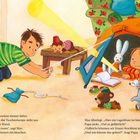 Text: Ein Vater und ein Kind bauen ein Zelt im Wohnzimmer. Der Vater macht Licht mit einer Taschenlampe. Spielzeug liegt herum.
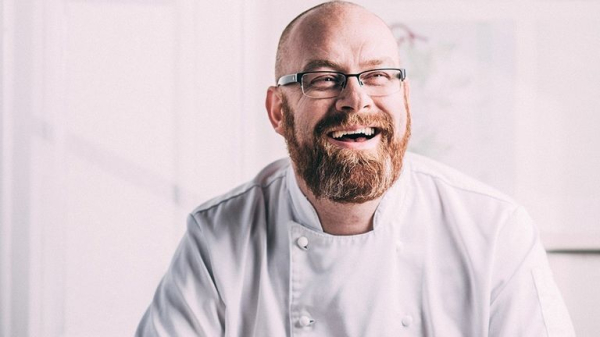 Michelin-starred chefs pick favourite cheap restaurants across every part of UK - with famous burger chain making list Michelin-starred chefs pick favourite cheap restaurants across every part of UK - with famous burger chain making list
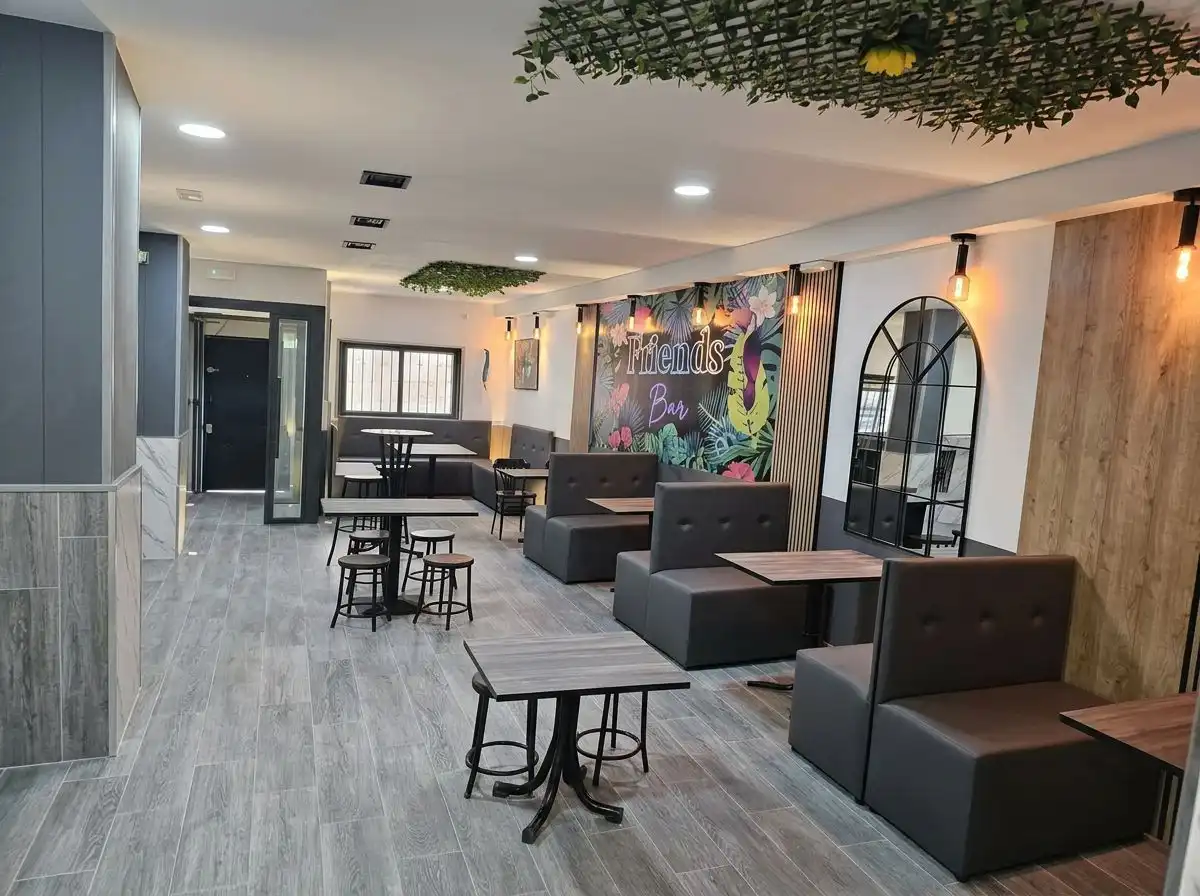 Gewerbefläche zum Verkauf in C. del Halcón, Carabanchel, 28025 Madrid, España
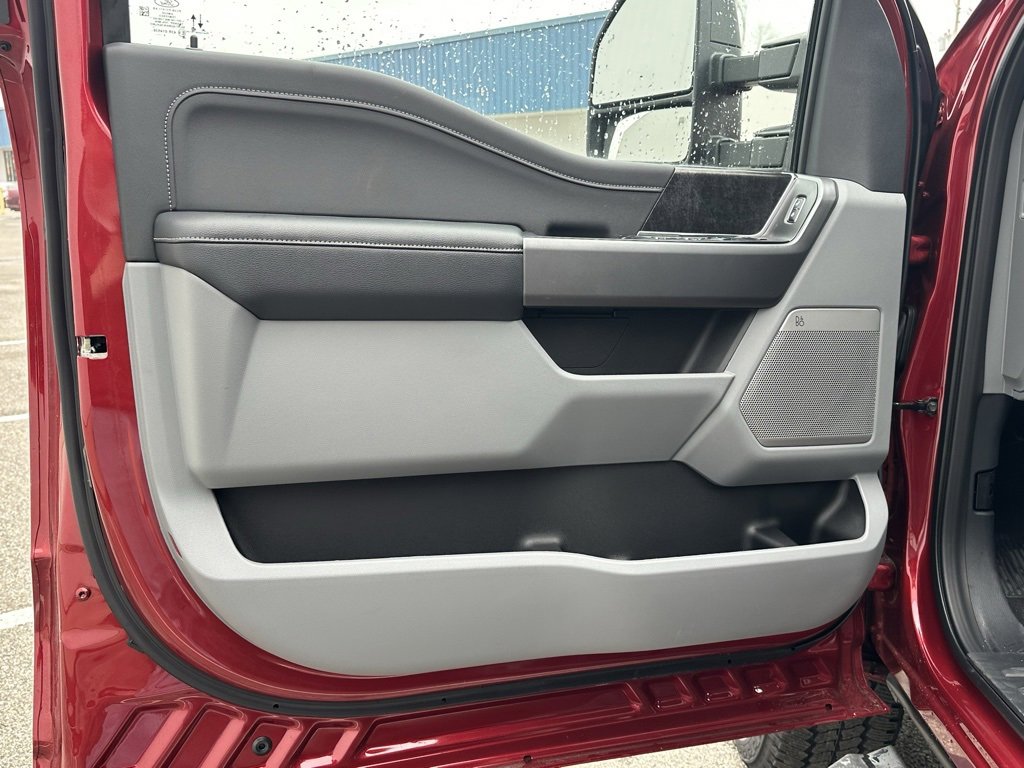 New 2026 Ford F250 XLT w/ XLT Premium Package image 11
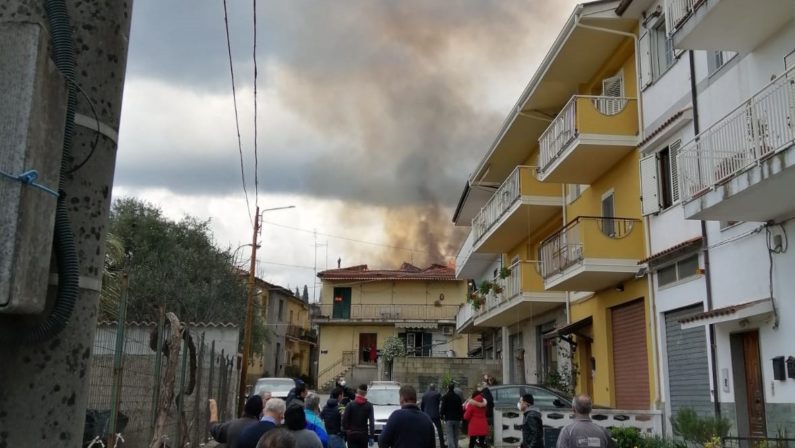 Dasà, in fiamme un palazzo in pieno centro urbano, distrutta una abitazione
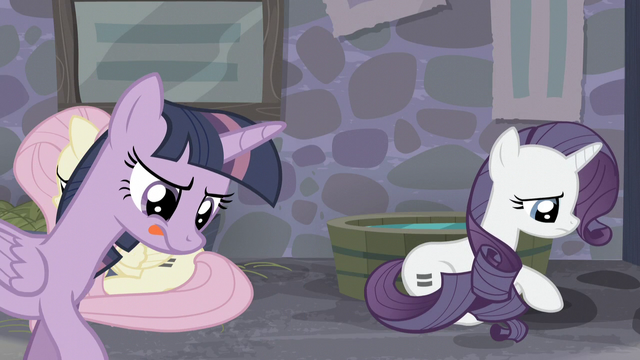 File:Twilight thinking S5E02.png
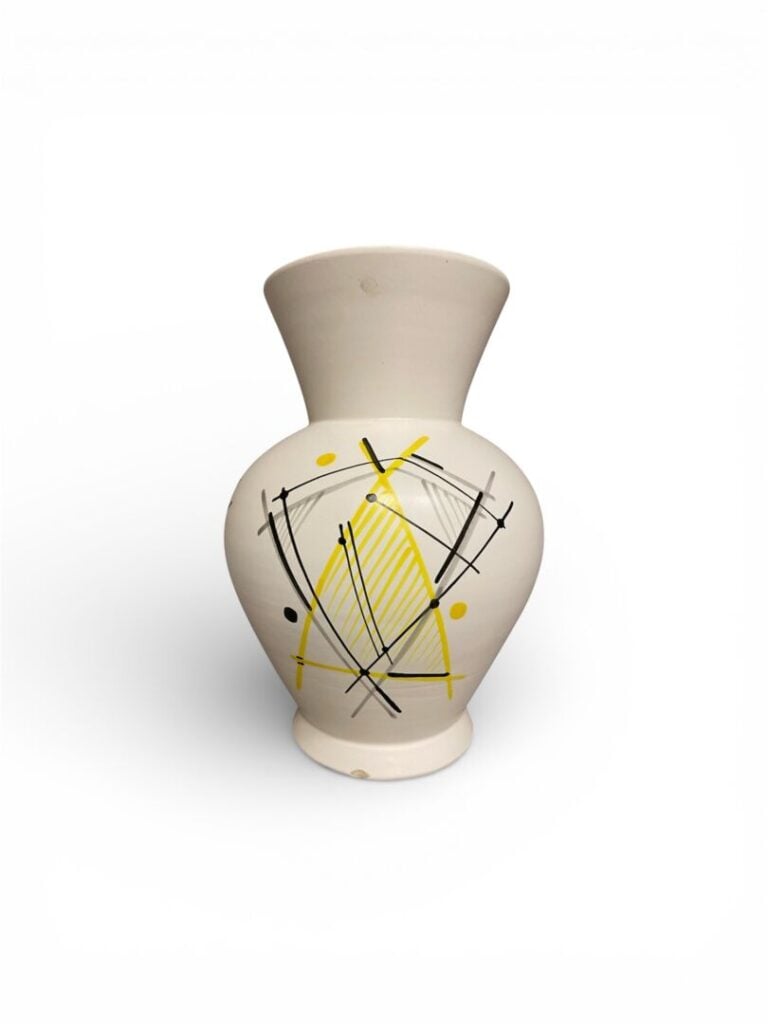 André BAUD (1903-1986) à VALLAURIS - Vase en céramique émaillée à décor abstrai…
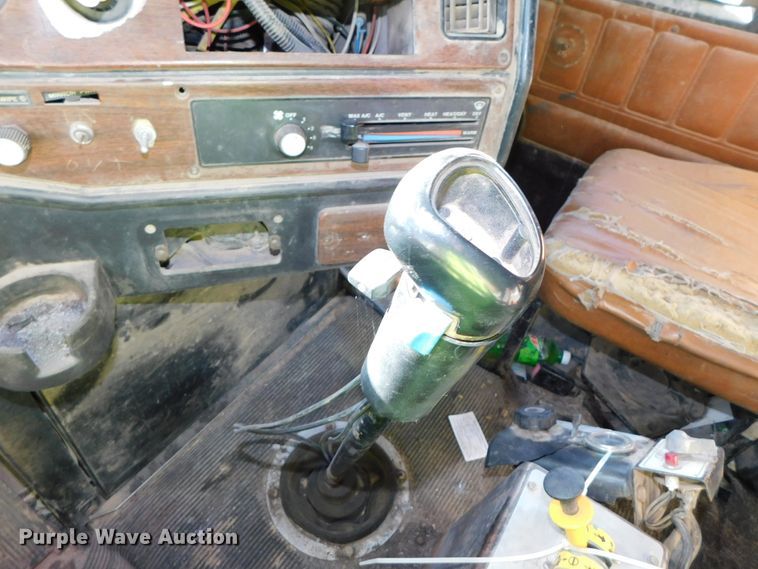 image for item DJ5879 1991 Freightliner FLD120  dump truck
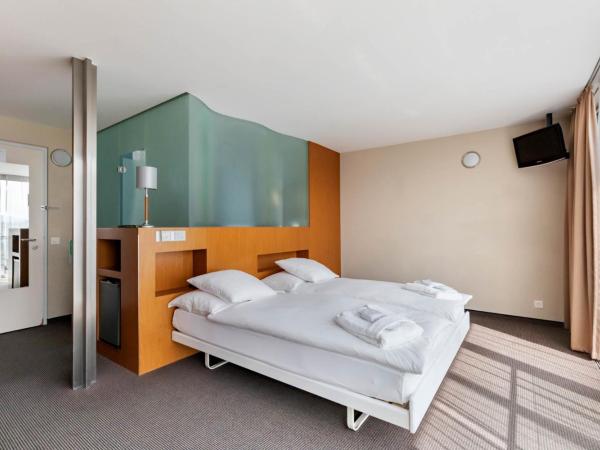 Hotel Cornavin Geneve : photo 10 de la chambre chambre lits jumeaux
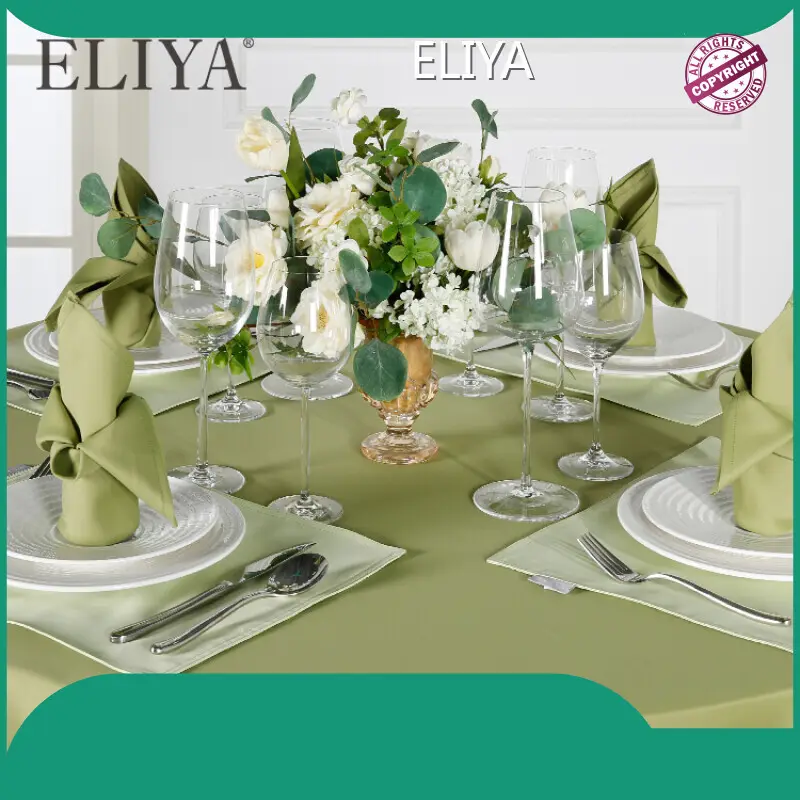 Mesa de comedor de oro de marca ELIYA Sí 1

------------------------

:: Exercise directions ::
Please copy, exactly as written, the lines from the one that contains "Dasà, in fiamme" through the end of the records, both ends included. Do not include the pictures.

:: Output ::
 Dasà, in fiamme un palazzo in pieno centro urbano, distrutta una abitazione
 File:Twilight thinking S5E02.png
 André BAUD (1903-1986) à VALLAURIS - Vase en céramique émaillée à décor abstrai…
 image for item DJ5879 1991 Freightliner FLD120  dump truck
 Hotel Cornavin Geneve : photo 10 de la chambre chambre lits jumeaux
 Mesa de comedor de oro de marca ELIYA Sí 1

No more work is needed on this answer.